Thursday, 8 March 2018

That's Weird, Right?

Despite spending all of Lent so far meditating on the call, grace carrying through difficulty, and scoffing at holy figures...I raised one very skeptical eyebrow at the prayer in today's morning staff meeting.

It was a meditation that started with stuff that I could get behind.

Lord grant me your grace even when it's the last class  or the 5th meeting of the day.
Even when it's almost Spring Break and literally everyone in the room can taste it.

But then it moved to something I found suspicious.

[Grant me to want to be better] not for a raise or to win that teaching award or even for a thank you.
I see what that meditation is trying to say.  I really do.  But am I the only one who thinks that's a really, really weird thing to say to employees at a staff meeting (the same week contracts go out no less) even with the best of intentions?

There's a version of religion that feeds into some people's beliefs that it was/is a method of controlling the population.   And "don't seek earthly reward" is a message that your boss just shouldn't be the one to deliver.

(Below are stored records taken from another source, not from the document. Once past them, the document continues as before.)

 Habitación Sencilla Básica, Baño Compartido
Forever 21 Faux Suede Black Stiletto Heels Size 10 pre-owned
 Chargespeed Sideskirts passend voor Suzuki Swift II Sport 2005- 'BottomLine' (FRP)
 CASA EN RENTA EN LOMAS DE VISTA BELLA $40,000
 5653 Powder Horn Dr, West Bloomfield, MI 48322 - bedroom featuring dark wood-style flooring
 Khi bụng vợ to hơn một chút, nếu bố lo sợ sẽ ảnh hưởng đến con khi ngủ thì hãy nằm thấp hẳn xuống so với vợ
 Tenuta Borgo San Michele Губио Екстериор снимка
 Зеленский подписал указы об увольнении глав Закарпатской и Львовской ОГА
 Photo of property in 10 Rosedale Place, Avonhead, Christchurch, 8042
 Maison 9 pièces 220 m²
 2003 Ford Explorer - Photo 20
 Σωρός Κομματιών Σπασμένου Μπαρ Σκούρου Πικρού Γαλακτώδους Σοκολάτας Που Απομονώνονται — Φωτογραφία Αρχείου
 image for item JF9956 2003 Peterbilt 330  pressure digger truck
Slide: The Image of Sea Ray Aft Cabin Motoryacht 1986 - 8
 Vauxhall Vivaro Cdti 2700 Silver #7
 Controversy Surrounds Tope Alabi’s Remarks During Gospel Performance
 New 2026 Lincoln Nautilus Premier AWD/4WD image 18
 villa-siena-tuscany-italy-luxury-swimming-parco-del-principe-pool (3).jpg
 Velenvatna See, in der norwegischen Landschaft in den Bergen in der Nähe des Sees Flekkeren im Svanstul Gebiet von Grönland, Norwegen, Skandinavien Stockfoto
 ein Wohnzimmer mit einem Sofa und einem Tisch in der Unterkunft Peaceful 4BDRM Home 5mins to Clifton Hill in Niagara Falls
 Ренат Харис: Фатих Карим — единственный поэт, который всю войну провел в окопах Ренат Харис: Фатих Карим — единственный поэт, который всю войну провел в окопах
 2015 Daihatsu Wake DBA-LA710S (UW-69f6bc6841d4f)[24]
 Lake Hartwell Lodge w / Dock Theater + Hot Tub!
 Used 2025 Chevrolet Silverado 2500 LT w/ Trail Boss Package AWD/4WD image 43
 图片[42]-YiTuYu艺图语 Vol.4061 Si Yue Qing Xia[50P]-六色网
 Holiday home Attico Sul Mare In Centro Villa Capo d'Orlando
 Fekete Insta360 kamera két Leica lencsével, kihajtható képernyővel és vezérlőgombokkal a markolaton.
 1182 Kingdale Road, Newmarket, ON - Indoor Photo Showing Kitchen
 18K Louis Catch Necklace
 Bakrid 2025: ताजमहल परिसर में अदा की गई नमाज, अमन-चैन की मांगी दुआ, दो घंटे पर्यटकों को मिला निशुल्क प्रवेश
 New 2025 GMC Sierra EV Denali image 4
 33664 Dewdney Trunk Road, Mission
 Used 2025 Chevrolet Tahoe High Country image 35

But it feels like a step in the wrong direction to be suspicious all the time.  To have such high standards that a sincere theology department director who clearly didn't hear the poem the way I did makes me a bit hostile instead of taking the inspiration as it was clearly intended.

For carrying less about the message than the packaging of the messenger.  Like the people of Nazareth -- uninterested in the truth from the boy who they'd see run around skinning his knees with the other boys.

God grant me a less cynical heart.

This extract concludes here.